What you will do> In the data below, locate each line with the word "watching" and list it.

Supplied material Block Start

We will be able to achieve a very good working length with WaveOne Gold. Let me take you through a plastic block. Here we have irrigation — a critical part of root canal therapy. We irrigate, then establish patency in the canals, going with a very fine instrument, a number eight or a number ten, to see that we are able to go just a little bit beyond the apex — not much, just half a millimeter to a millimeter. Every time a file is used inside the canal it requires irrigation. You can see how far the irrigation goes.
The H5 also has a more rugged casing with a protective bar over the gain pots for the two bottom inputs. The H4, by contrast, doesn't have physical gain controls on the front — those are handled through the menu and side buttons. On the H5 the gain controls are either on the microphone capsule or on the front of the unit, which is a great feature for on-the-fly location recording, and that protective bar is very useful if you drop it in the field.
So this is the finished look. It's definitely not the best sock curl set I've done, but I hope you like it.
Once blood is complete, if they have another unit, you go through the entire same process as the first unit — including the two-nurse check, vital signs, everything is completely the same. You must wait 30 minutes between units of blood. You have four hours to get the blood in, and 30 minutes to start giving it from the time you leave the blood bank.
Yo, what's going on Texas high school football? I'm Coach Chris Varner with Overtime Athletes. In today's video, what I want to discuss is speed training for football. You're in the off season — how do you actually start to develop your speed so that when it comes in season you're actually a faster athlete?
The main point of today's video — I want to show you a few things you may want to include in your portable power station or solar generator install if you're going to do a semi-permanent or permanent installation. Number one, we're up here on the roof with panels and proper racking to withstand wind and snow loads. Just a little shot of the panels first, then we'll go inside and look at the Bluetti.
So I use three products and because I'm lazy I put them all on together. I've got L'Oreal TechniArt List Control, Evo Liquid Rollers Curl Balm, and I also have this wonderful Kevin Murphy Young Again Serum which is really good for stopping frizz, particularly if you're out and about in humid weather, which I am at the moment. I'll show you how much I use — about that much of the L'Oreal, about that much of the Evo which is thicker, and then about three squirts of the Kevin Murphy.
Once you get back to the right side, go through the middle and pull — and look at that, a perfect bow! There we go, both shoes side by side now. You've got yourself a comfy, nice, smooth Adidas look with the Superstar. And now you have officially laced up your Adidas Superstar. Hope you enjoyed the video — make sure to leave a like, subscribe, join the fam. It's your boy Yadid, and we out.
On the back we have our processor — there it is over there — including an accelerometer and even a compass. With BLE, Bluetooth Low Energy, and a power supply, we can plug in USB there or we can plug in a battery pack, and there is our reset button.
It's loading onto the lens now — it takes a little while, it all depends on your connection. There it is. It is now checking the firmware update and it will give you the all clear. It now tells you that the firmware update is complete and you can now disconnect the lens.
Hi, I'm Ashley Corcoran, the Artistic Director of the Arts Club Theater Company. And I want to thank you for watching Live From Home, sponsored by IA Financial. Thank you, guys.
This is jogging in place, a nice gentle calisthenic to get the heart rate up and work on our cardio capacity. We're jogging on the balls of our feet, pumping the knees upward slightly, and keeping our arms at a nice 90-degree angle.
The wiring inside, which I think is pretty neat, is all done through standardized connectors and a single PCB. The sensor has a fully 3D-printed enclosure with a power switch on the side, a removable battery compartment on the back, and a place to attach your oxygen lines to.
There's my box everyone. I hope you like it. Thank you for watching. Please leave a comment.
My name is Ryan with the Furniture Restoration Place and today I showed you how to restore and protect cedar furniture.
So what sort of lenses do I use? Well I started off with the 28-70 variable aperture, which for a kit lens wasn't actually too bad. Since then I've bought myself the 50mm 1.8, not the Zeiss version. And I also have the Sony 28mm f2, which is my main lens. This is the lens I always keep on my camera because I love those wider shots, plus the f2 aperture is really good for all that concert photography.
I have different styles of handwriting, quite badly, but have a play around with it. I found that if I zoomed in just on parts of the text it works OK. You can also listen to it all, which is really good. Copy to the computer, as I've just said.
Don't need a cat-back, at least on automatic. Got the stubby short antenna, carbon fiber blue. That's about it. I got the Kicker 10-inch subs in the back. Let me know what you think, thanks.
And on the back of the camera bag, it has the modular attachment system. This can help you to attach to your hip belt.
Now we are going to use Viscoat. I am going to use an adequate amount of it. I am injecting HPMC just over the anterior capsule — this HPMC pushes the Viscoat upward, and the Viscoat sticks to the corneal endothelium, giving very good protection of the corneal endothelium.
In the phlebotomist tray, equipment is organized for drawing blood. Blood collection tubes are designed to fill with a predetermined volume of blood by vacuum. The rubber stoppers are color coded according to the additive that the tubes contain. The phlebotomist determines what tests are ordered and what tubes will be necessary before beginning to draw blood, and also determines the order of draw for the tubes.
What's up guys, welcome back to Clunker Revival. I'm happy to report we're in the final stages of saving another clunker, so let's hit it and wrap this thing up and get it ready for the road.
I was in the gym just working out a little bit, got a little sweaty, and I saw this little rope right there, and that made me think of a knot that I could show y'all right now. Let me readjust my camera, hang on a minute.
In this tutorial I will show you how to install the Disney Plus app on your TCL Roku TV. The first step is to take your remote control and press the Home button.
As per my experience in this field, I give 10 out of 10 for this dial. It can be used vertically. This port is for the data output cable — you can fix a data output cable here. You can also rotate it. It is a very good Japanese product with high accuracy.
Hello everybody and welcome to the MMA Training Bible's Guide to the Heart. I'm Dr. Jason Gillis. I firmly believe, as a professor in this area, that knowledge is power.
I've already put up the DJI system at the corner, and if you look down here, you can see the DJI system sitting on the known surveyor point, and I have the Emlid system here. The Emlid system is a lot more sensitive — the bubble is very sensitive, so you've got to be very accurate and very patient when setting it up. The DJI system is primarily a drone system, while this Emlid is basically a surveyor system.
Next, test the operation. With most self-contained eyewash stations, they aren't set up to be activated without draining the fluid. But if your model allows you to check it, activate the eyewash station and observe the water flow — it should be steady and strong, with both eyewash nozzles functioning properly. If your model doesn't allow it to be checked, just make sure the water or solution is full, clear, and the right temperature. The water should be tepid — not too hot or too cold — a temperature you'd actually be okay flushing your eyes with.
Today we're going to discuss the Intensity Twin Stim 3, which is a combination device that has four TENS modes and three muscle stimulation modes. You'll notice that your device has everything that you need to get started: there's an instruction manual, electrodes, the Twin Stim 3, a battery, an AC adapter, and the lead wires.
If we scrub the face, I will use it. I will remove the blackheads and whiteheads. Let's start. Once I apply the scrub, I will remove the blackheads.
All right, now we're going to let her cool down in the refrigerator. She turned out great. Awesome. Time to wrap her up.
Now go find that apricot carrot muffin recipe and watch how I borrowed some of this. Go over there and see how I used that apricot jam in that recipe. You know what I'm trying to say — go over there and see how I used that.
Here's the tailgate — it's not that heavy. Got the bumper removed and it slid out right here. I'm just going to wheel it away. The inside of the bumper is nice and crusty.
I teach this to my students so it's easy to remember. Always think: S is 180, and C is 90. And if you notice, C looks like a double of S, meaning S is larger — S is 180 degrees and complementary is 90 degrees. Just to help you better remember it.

Supplied material Block End

Written reply>
Hi, I'm Ashley Corcoran, the Artistic Director of the Arts Club Theater Company. And I want to thank you for watching Live From Home, sponsored by IA Financial. Thank you, guys.
There's my box everyone. I hope you like it. Thank you for watching. Please leave a comment.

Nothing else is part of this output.